===== RECORDS FOR THE TASK =====
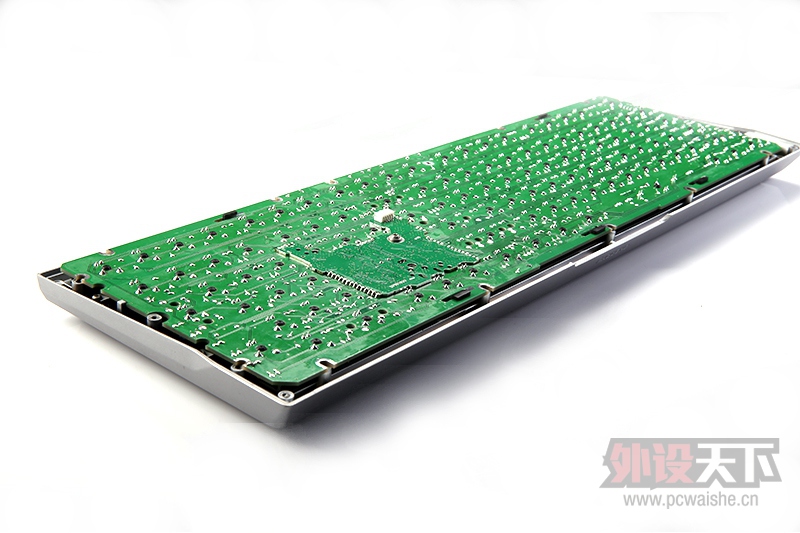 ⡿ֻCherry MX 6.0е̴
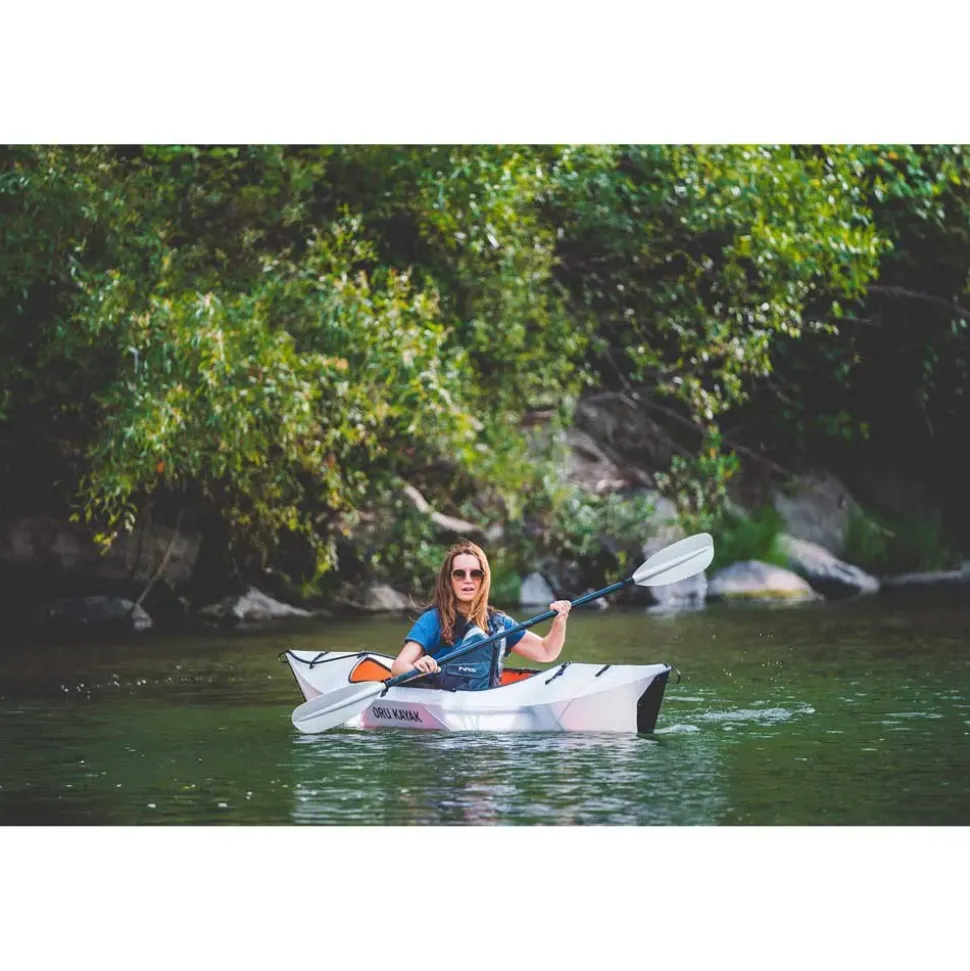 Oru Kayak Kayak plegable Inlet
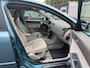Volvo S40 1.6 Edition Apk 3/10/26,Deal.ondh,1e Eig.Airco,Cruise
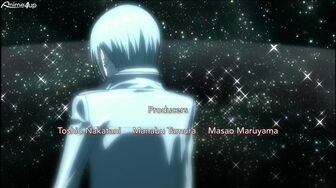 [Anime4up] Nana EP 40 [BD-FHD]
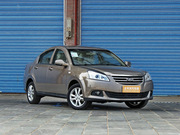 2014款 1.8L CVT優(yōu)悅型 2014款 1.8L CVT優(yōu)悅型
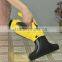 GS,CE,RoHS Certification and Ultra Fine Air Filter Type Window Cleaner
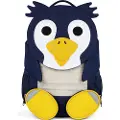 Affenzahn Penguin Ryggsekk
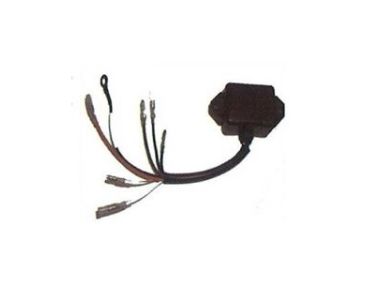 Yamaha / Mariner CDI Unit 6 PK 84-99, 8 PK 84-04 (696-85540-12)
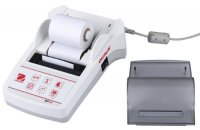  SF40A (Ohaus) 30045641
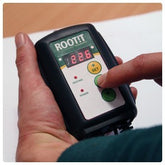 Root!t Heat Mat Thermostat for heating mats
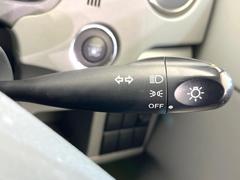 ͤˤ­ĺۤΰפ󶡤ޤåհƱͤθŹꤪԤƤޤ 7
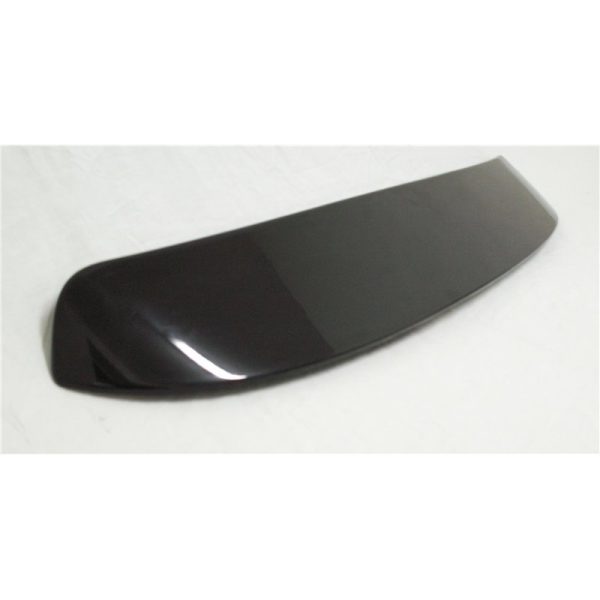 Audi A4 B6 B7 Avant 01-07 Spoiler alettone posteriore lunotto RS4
=====
Please repeat exactly the data above from its first line to the line that contains "Affenzahn Penguin Ryggsekk", inclusive, and leave every picture out.

• **SOLUTION FOR THIS PROBLEM**:
 ⡿ֻCherry MX 6.0е̴
 Oru Kayak Kayak plegable Inlet
Volvo S40 1.6 Edition Apk 3/10/26,Deal.ondh,1e Eig.Airco,Cruise
 [Anime4up] Nana EP 40 [BD-FHD]
 2014款 1.8L CVT優(yōu)悅型 2014款 1.8L CVT優(yōu)悅型
 GS,CE,RoHS Certification and Ultra Fine Air Filter Type Window Cleaner
 Affenzahn Penguin Ryggsekk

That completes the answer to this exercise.